Слышала давно историю об одном астрологе,у которого есть натальные карты всех людей, написанные толи на листьях банановых, толи на папирусе, точно не помню)) И даже не помню, живет он в наше время или же жил давно. 

Если есть у кого-нибудь на примете отличный астролог, буду очень рада его имени и его адресу в Индии.
Харибол!

----------


## Хари-канта д.д.

> Слышала давно историю об одном астрологе,у которого есть натальные карты всех людей, написанные толи на листьях банановых, толи на папирусе, точно не помню)) И даже не помню, живет он в наше время или же жил давно.

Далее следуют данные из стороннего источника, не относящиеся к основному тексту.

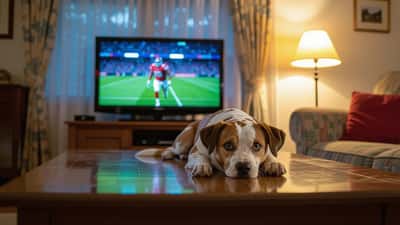 Frightened dog hiding under a table at night during loud World Cup celebrations in an Australian home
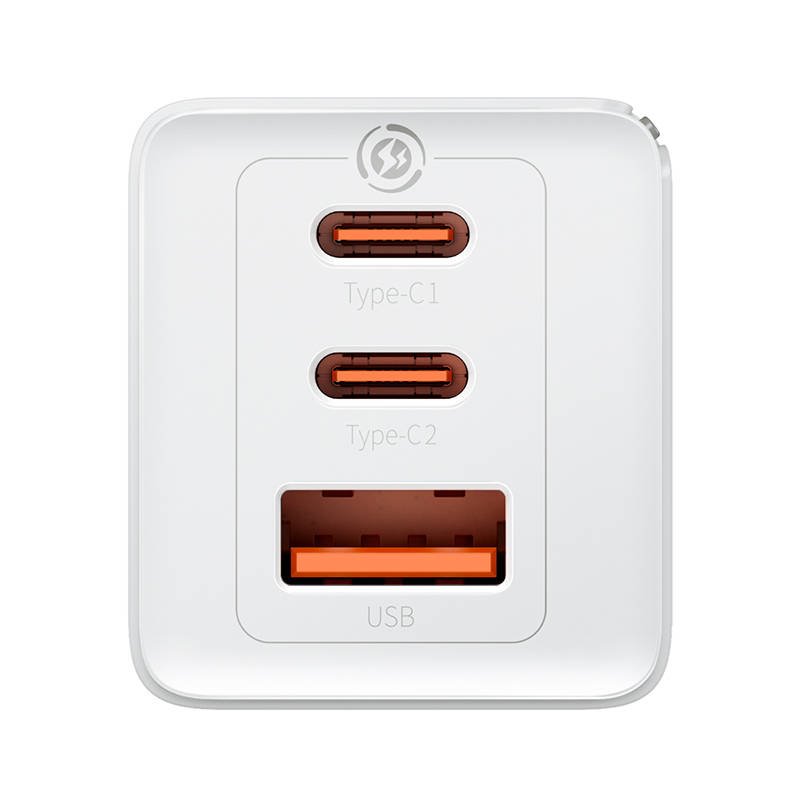 BASEUS Baseus 65W GaN5 Pro Väggladdare 2x USB-C 1x USB-A Vit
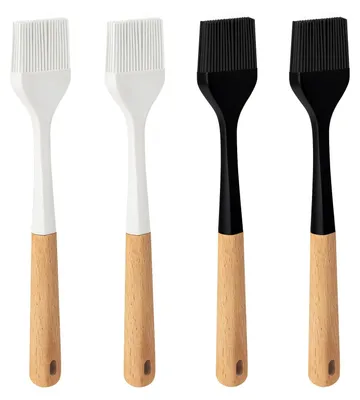 Immagine prodotto di Omgoods - Set di 4 spazzole per la pulizia con setole in silicone e manico in legno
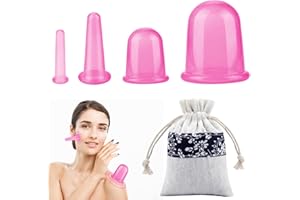 Ventosa Celulitis, yisight Ventosas Faciales, 4 Piezas Ventosas de Silicona, Copas Masaje Celulitis para Antienvejecimiento Reducción Arrugas Alivio Del Dolor Relajación (Rosa)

Речь идет о Бхригу Муни. Есть легенда, что Бхригу Муни, небесный мудрец написал карты для всех людей века Кали. По этой же легенде у него на Земле есть 4 преемника, которых так же называют его именем. Я встречалась с одним из них. Живет в небольшой деревне в 8 часах езды от Вриндавана, название не вспомню. Возил преданный, русскоговорящий индус, который учился в России. Обычно во время Картики он вешает свои объявления о наборе группы в Джайпур и к нему.
Насчет квалификации не могу 100% подтвердить. Многие из группы выходили под впечатлением. Мне он в принципе тоже сказал точные уже прошедшие вещи. Но вот насчет будущих, то тут нужно учитывать, что мы ведь практикуем не просто какую-то йогу типа телесных упражнений. Жизнь преданных регулирует уже сам Кришна. 
Один простой пример как астролог может сказать правду, но она в реальности не сильно влияет. Я была там 3 года назад. Астролог сказал, что скоро у меня будет машина. Действительно, полгода назад мне ее подарили, но прав у меня нет и стоит она в 2000 км от меня. Так что астрология это хорошо, но о Кришне нужно помнить в первую очередь.

----------


## Kasturika d.d.

У потомков Бригу Муни недалеко от Джайпура были знакомые преданные и мой супруг. Там была большая группа и всех до единого эти астрологи порадовали: все женщины выйдут замуж за очень богатых мужей. У всех мужей будет несколько домов и машин. Все бесплодные женщины родят детей.
За такими благословениями, действительно, стоит поехать!  :smilies:  Преданным эти астрологи предсказывают, что они разовьют любовь к Богу и оставят тело повторяя Святое Имя.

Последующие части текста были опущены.